### Collected data
*****

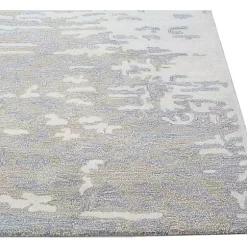 Contempo Rug Bashian Ventura Hand Tufted Area Rug 10 Contempo Rug Bashian Ventura Hand Tufted Area Rug -Eastland Shop Belk 1395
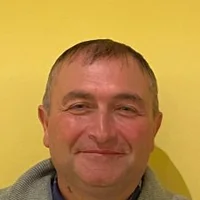 Photo de Stéphane Bailly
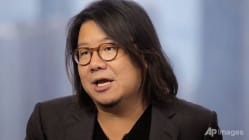 Related article image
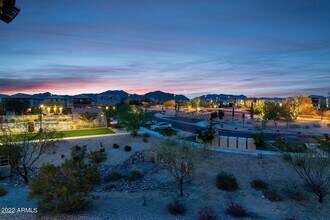 2941 N 72nd St in Mesa, AZ - Building Photo - Building Photo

*****

### Work instruction
What you return should be the exact lines from the one containing "Related article image" through the end of the listing above, both included, minus any pictures.

### Your response
 Related article image
 2941 N 72nd St in Mesa, AZ - Building Photo - Building Photo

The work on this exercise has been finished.